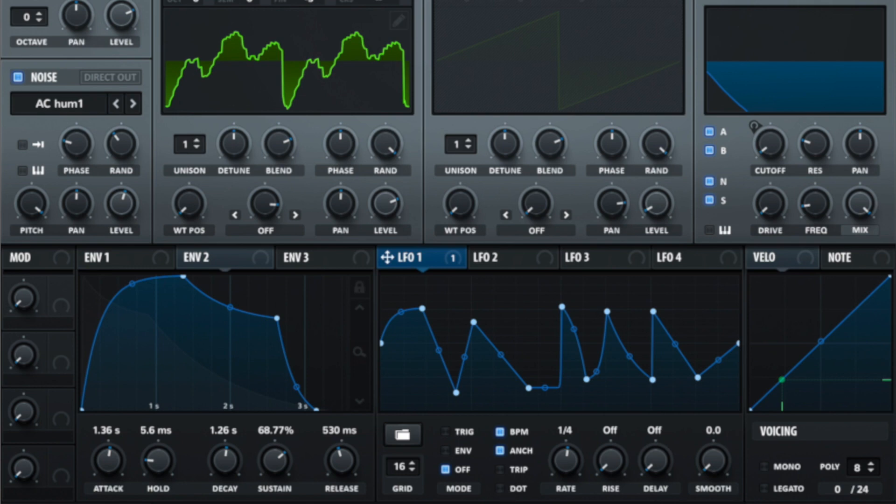Trip and dot refers to the rate types being in either triplets or dotted. And you can have a look at your quantized settings in your DAW for examples of triplets and dotted.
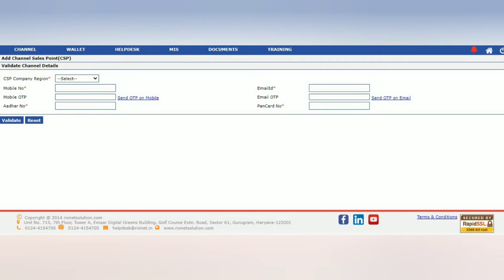If you have a new distributor ID, you can request them to get a retail ID in India. If you have a request, you can distribute them. If you have a distributor ID, you can sell them. If you have a retail ID in India, you can sell them in a very normal way.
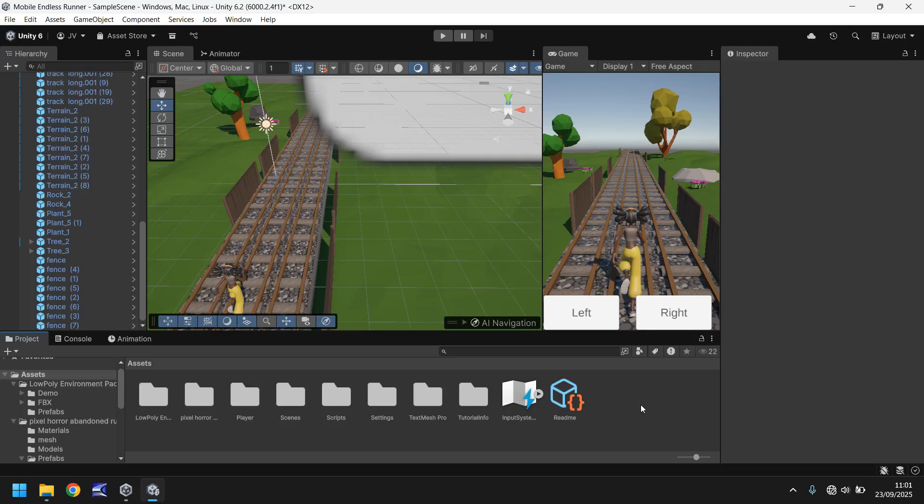Hello there and welcome to the sixth video in a tutorial series on how to make an endless runner game in Unity 6 for mobile devices. In this tutorial we'll be adding in some collectible coins.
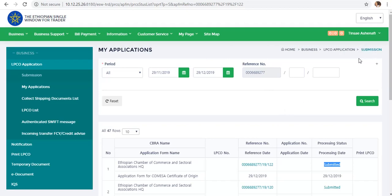If you want to use email or SMS, you can use it. You can check the status of submitted and accepted. You can approve it and use email or SMS notifications accordingly.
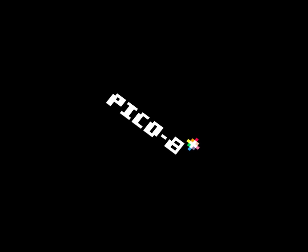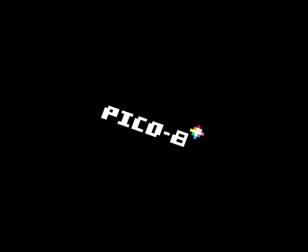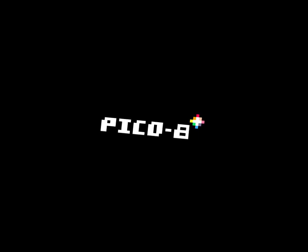Pico 8 is a fantasy console which is kind of like an imaginary piece of hardware, but really it's a bit of software that lets you make games and stuff with the limitations of about the 80s or 90s. So you only get like 16 colors and other limitations like that.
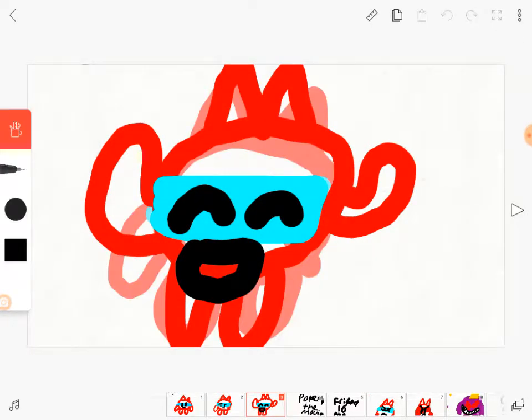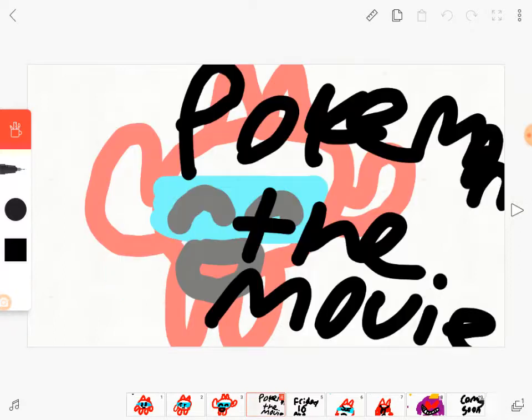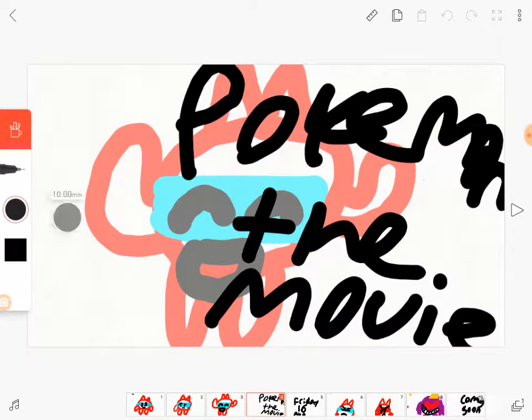I basically love the new adventure. It's called Pokemon The Movie.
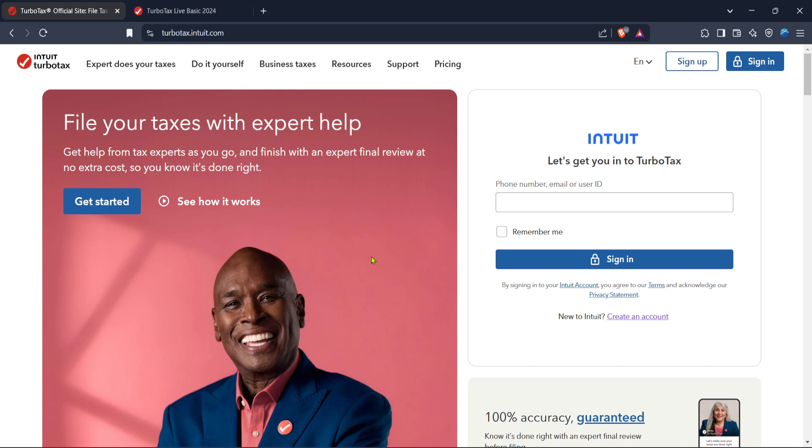Alright, let's get started. First things first, open up your web browser and head over to the TurboTax official site. You'll see a variety of options, but what we're interested in doing first is signing in. Look towards the top right corner of the page and you should see the sign in option. Click on it.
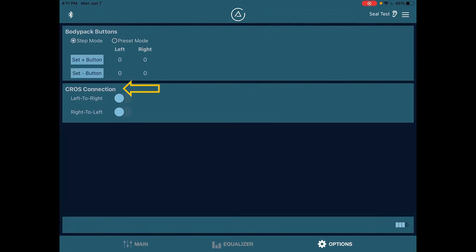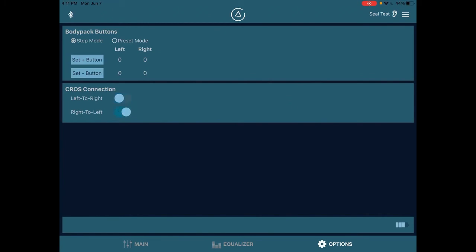Right below this, we see cross connection. That stands for contralateral routing of signal. This is used by individuals who have single sided deafness. Perhaps they have a music induced hearing disorder in one ear such as distortion or pitch perception issues. What this does is it takes the mic input from one ear and reroutes it to the opposite ear. So if I select left to right, the microphone input from the left earpiece is going to be rerouted to the right earpiece and I'll hear it through my right ear. I can also do that for right to left.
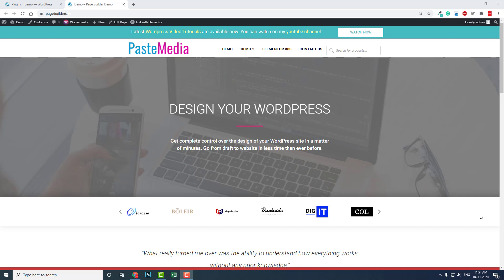But if it is a blog website with hundreds of blog posts or it is a WooCommerce website with lots of products, then search is very important.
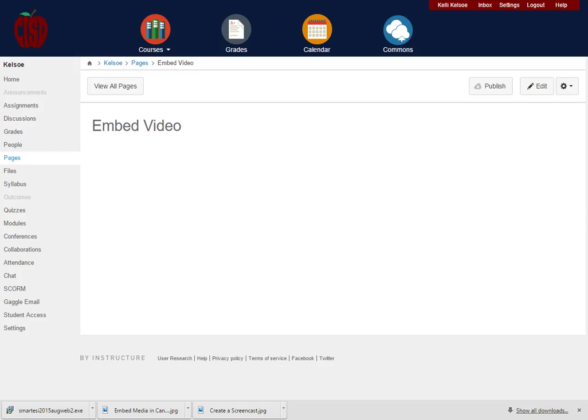In this video tutorial, we will be looking at how to embed a video onto a page or in any other component within Canvas. First of all, we're going to look at how to do this on a page.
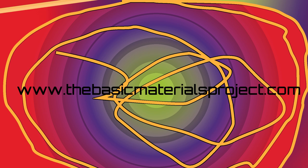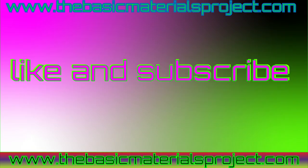Alright. So yeah. Once again, like and subscribe. Please visit the website www.TheBasicMaterialsProject.com for more info. Alright. Thank you very much. See you next time. Thank you.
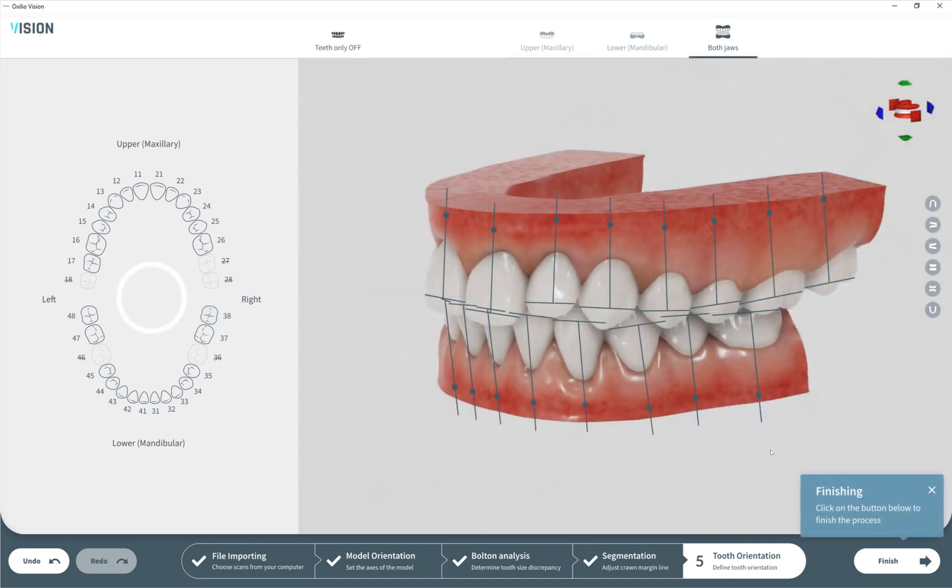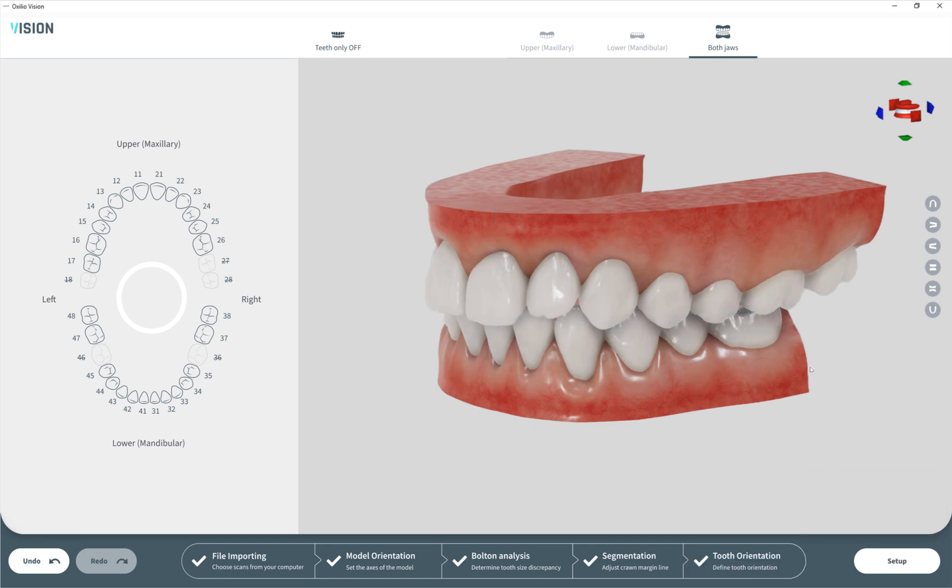By doing this for each tooth, the importing process is complete, so we hit finish. We see a very nice jaw with teeth segmented with correct axes. After that we can go to our setup mode which will have a very different interface. Thank you, have a nice day.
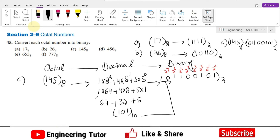So we have solved these three questions: part a, part b, and part c. The same procedure I have followed here will remain the same for part d, part e, and part f as well. Give them a try and you will see it is quite a convenient and easy method for converting any octal number to its binary counterpart. That's it for today and I will see you with more questions like this in our upcoming video. Thank you so much and see you soon.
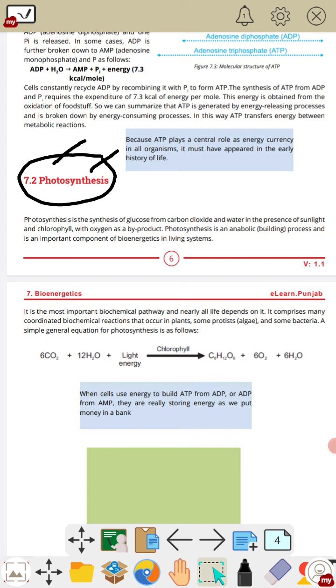Basically, photosynthesis is an anabolic process and it is an important component of bioenergetics in living systems.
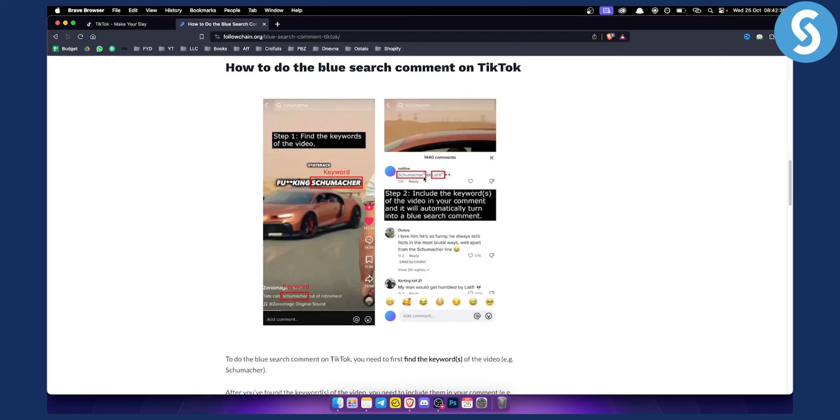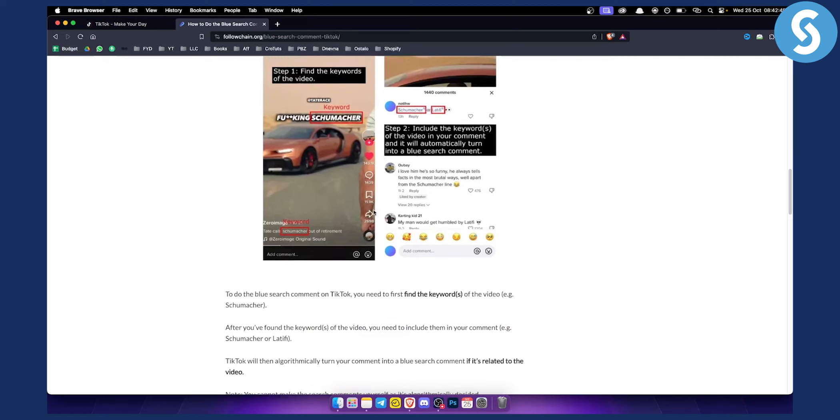This will turn your comment blue. You will need to go and find the keywords of the video, and as you can see right here, it will basically blue the comment.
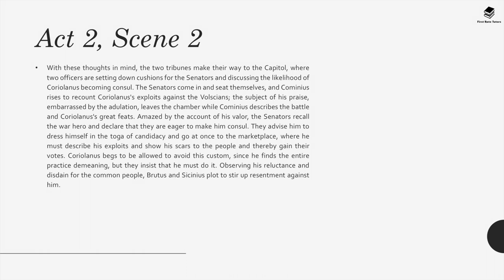The two tribunes make their way to the capital, where two officers are setting down cushions for the senators and discussing the likelihood of Coriolanus becoming consul. The senators come in and seat themselves, and Cominius rises to recount Coriolanus's exploits against the Volscians. The subject of his praise, embarrassed by the adulation, leaves the chamber while Cominius describes the battle and Coriolanus's great feats. Amazed by the account of his valour, the senators recall the war hero and declare they are eager to make him consul. They advise him to dress in the toga of candidacy and go at once to the marketplace, where he must describe his exploits and show his scars to the people and thereby gain their votes. Coriolanus begs to be allowed to avoid this custom, finding the entire practice demeaning, but they insist that he must do it.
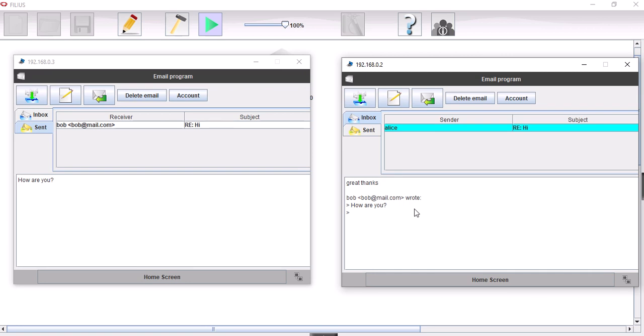So again, all that's well and good. And what we can do as well is we can set up the domain name server as well so that we're not just using the IP addresses.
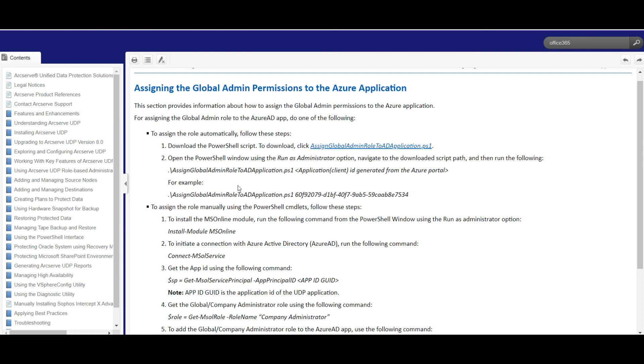We assigned the permissions to the Azure application successfully. Thank you for watching guys.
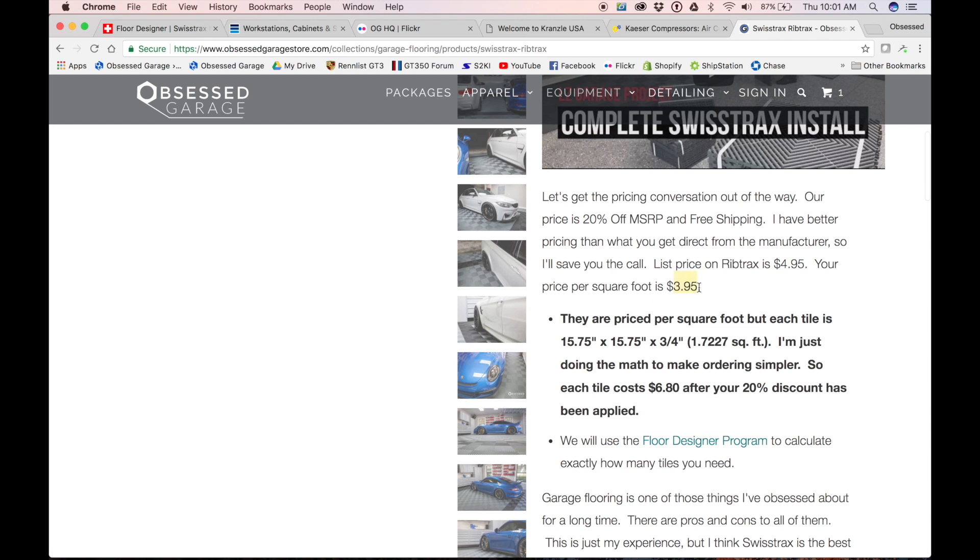But the tiles aren't a square foot—they're almost 1.75 square feet. So each tile is actually almost $3.95 times two. It's $3.95 times 1.727, so it's $6.80. I think that works out to $6.81, I round it down to $6.80.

== == ==

▶ [WHAT IS REQUIRED]:
Starting at the line with "Basically, photosynthesis is" in the entries above, write out every line exactly until the line with "This will turn" has been written. Include no pictures and nothing more.

▶ [RESULT OF THE TASK]:
Basically, photosynthesis is an anabolic process and it is an important component of bioenergetics in living systems.
This will turn your comment blue. You will need to go and find the keywords of the video, and as you can see right here, it will basically blue the comment.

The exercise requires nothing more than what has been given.